Another thing going for it is the material it uses. Each layer is made with specialized materials — a family of materials based on gallium antimonide (GaSb) substrates, commonly found in applications for infra-red lasers and photodetectors — this allows the stacked cell to act like a sieve, absorbing the energy of a specific set of wavelengths. By the time the light is directed through the stack, a little below 50% of the absorbed energy has been converted into electricity. Putting that into perspective, the most common solar cells today can only convert about a quarter of available solar energy into electricity.
The most important feature that gives the new design its unprecedented efficiency is its ability to absorb light from wavelengths that aren’t normally absorbed by conventional solar cells. This is made possible by the stacked structure of the cells and the stacking procedure used. The technique is referred to as ‘transfer-printing’ and it is what enables high-precision 3D assembly of the tiny devices. This, in turn, allows the device to capture almost the entire spectral range, from the shorter wavelengths to the longer ones.
As explained by lead author of the study, Matthew Lumb, “about 99% of the power contained in direct sunlight reaching the surface of Earth falls between wavelengths of 250 nm and 2500 nm”. Existing solar cells using conventional materials are not able to capture this kind of spectral range in its entirety.
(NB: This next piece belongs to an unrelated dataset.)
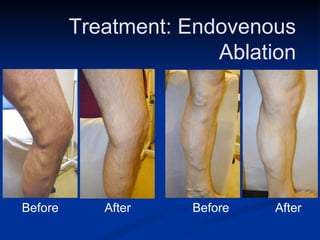 Treatment: Endovenous  Ablation  Before After  Before After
“Our new device is able to unlock the energy stored in the long-wavelength photons, which are lost in conventional solar cells, and therefore provides a pathway to realizing the ultimate multi-junction solar cell,” Lumb said.
There’s one major downside, though. The new prototype is quite expensive to make. The team acknowledges this and note that while they disregarded cost, their main aim was to show that there are still ways to increase and maximize the efficiency of solar panels. Eventually, it is hoped that the technique they used for this particular solar cell can be refined and streamlined so a cost-efficient and practical product can be made commercially available.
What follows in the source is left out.